Metro

Ex-NYPD detective claims years of harassment in federal lawsuit

An ex-NYPD detective says he was fired on trumped-up public masturbation charges just weeks before his scheduled retirement, according to a new federal lawsuit.

Robert Francis, 49, a Jamaican immigrant and US Army veteran, said his termination followed years of discrimination and harassment within the ranks of the department, starting with his transfer to the Internal Affairs Bureau, blaming the NYPD for costing him his career, his marriage, and forcing him to declare bankruptcy.

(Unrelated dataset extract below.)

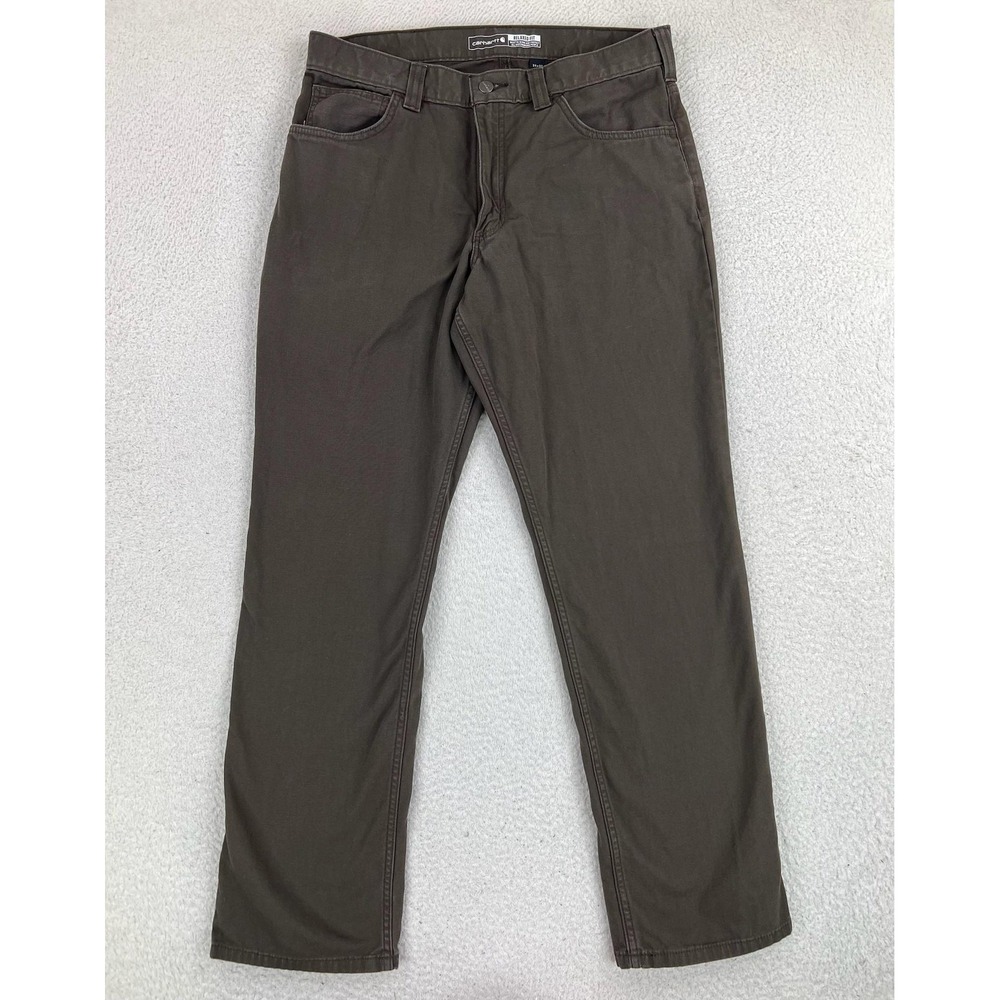 Carhartt Pants Mens 34x32 Brown Rugged Flex Relaxed Fit Work Carpenter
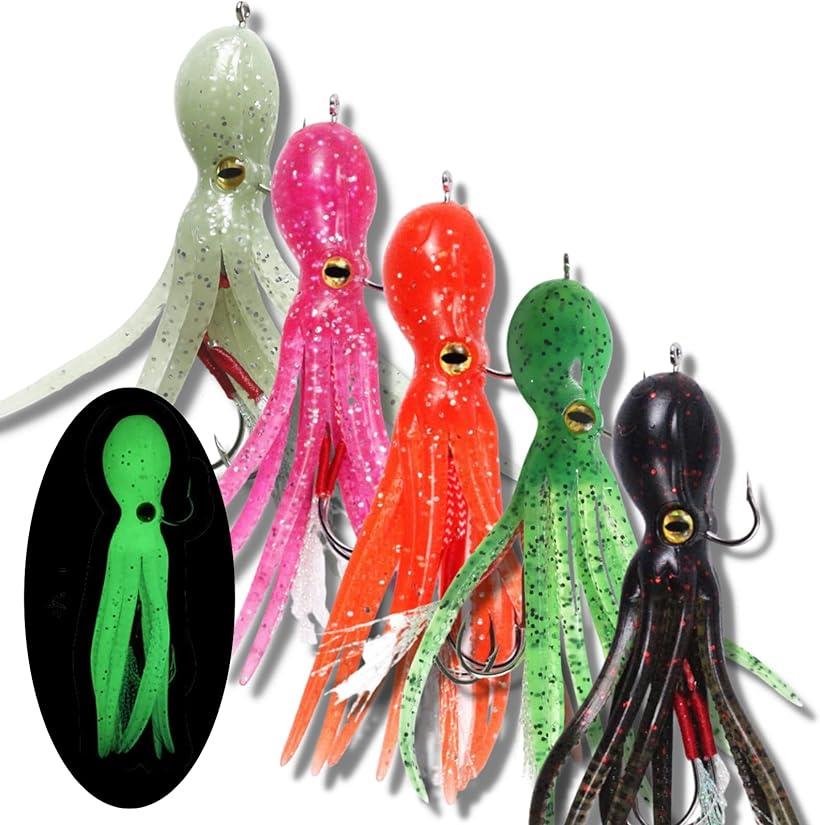 タコベイト3連フック ガチダコ ルアー ジグヘッド ワーム ショアジギング インチク タイラバ 釣り(夜光＋ピンク＋オレンジ＋グリーン＋ブラック)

“If we can’t trust the trusted, then who can we trust?” Francis told The Post this week. “The NYPD Internal Affairs Bureau is a unit entrusted to fight and root out corruption within the NYPD, but what happens when those we entrust are the most corrupted?”

Francis joined New York’s Finest in 2000, starting at Brooklyn’s 60th and 71st precincts,, and was transferred to IAB in 2005.

“White officers received preferential treatment from supervisors in that the black and other foreign-born officers were given less desirable tasks, including being assigned the more laborious task of handling the majority of the new calls from complaints that came into the Command Center,” he said in the lawsuit.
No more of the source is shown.